Building Community, One Pull Up

“I’ve expressed to the gym that I really enjoy coming here, it’s a great community,” Wolniakowski said. “But my finances are too tight.”

JP CrossFit came to Wolniakowski with a solution: a needs-based, A floating scholarship that discounts her membership fee.

The compromise worked. So good, in fact, that Wolniakowski was able to transition from the program and now works at JP CrossFit as a social worker and part-time coach.

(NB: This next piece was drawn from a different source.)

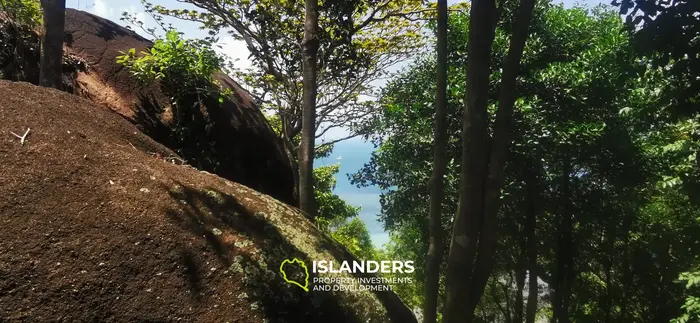 Sea View Land Plot in Naiwok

“If I can’t use that sliding scale, I can’t keep going to that gym,” she says. “[JP CrossFit] Really focused on being fair and finding their members and satisfying their members in terms of their financial burdens. “

Jasmine Gerritsen (left) guides Sara Garrard through exercises in a class at JP CrossFit. Jessica Rinaldi/Universal Staff

Since it started more than two years ago, the fellowship program has expanded to serve 13 members of the JP CrossFit community, “most of whom are people of color or gay or both,” says the gym’s Jasmine Gerritsen. head coach. “It’s had a major impact on our demographics.”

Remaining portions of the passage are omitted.